I am extremely annoyed with myself for doing this and apologize to anyone who would be angry at this, but im trying to put it right now so help would be grateful.


----------



## frags (Feb 5, 2009)

Jamesy14 said:


> Well ive had my rabbit 4 years and regrettably he has not been handled as much as he should be after going on holiday and visiting Becky falls and seeing how tame there rabbits where it makes me really think, i want to try and tame my rabbit but i think hes too old :s and also if he could be tamed is there any tips ?
> 
> I am extremely annoyed with myself for doing this and apologize to anyone who would be angry at this, but im trying to put it right now so help would be grateful.


does he bite when you stroke him? or just when picked up? most buns dont like being picked up anyway.
is he castrated? if not this will help reduce his hormones.

constant trying to stroke him while feeding him his fave treat will help


----------



## Jamesy14 (Jul 30, 2009)

frags said:


> does he bite when you stroke him? or just when picked up? most buns dont like being picked up anyway.
> is he castrated? if not this will help reduce his hormones.
> 
> constant trying to stroke him while feeding him his fave treat will help


He doesent bite just runs away, we let him have use of the whole garden all day and when you go to stroke him or even near him he runs away, hes not castrated becuase he doesent have a mate and i would think that this would be pointless, He does look bored when hes in his run though any ideas on making him more happy any good toys from around the house?


----------



## Pampered pets (Jun 20, 2009)

castration and a friend would make him happy.


----------



## emzybabe (Jun 30, 2009)

this will involve a lot of time at least 2 sessions a day i would suggest start with the basic treat feeding taming use a clicker if u want, once hes comfortable with that and u sitting near him he should start to pay u more attention. rabbits arnt fans of being picked up so try not to associate the nice treat feeding and petting guy with the one who picks him up.

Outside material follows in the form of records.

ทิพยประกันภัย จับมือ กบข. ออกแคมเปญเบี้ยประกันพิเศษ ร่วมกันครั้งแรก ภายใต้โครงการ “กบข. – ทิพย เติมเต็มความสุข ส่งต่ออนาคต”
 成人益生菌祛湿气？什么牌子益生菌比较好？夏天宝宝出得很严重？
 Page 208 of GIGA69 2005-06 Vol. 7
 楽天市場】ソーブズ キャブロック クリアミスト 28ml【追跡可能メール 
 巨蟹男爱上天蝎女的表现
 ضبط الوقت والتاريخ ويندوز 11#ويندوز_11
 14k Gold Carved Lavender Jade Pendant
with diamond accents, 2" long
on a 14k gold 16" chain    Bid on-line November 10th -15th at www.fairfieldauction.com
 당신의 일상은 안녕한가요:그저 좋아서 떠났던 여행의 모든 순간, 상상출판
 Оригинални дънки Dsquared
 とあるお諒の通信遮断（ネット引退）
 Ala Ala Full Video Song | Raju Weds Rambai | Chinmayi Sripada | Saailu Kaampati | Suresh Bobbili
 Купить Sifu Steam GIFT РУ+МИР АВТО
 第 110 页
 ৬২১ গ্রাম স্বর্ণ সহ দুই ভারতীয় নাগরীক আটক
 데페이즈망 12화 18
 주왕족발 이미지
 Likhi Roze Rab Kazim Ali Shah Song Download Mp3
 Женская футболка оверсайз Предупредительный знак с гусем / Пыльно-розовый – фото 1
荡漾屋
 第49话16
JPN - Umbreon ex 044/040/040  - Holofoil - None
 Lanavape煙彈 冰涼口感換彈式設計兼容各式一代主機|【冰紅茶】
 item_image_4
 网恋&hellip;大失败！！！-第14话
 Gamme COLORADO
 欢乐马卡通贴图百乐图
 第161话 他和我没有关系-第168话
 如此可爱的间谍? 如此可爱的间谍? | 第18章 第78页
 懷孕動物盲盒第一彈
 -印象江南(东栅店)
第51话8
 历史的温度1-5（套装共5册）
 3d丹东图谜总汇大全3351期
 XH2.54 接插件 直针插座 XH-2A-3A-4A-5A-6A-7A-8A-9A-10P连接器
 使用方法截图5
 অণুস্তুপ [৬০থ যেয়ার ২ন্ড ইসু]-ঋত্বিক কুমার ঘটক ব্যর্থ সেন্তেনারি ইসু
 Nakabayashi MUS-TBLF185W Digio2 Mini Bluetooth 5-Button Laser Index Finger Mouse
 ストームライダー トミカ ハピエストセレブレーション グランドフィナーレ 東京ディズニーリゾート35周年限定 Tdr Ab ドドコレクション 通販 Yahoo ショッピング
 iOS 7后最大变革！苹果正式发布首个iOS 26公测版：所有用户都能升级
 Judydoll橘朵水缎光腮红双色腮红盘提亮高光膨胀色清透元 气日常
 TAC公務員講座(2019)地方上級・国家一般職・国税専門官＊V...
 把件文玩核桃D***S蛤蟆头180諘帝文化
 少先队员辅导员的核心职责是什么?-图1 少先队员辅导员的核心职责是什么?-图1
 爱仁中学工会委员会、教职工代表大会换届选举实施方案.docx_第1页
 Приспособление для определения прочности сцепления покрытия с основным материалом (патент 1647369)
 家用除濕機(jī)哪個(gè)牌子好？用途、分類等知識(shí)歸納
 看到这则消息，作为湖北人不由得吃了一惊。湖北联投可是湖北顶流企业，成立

Castration should make a different as they can be very territorial and the garden is his territory, a friend isnt that much extra work and will keep him busy, a rescue is bound to have one of similar age and they will help u bond the 2. It might also be worth bringing him into the house if u can do this

hope this helps


----------



## Jamesy14 (Jul 30, 2009)

emzybabe said:


> this will involve a lot of time at least 2 sessions a day i would suggest start with the basic treat feeding taming use a clicker if u want, once hes comfortable with that and u sitting near him he should start to pay u more attention. rabbits arnt fans of being picked up so try not to associate the nice treat feeding and petting guy with the one who picks him up. Castration should make a different as they can be very territorial and the garden is his territory, a friend isnt that much extra work and will keep him busy, a rescue is bound to have one of similar age and they will help u bond the 2. It might also be worth bringing him into the house if u can do this
> 
> hope this helps


he comes in every night because we live on a comman which means theres always foxes about at night


----------



## frags (Feb 5, 2009)

well my buns are very tame but still run away from me in the garden lol

id say just build him up and eventually he will be fine, try the fave food and stroking.

deff think about castration and a friend for him


----------



## Kammie (Apr 4, 2009)

Castration tends to calm rabbits down a lot. Grab a good book and some treats and sit in the garden with him. Just ignore him till he comes to investigate you and offer a treat when he is close to you. In time he'll associate you with something good and you might even find he'll start trying to get your attention by pulling the book away. Once he's happy to sit next to you whilst you read try petting his head and slowly increase to the rest of his body, if he starts to run when you progress to his body go back to just his head.


----------



## AmyCruick (Jul 20, 2009)

Jamesy14 said:


> he comes in every night because we live on a comman which means theres always foxes about at night


How do you bring him in each night? Do you catch him for that or does he come in of his own accord?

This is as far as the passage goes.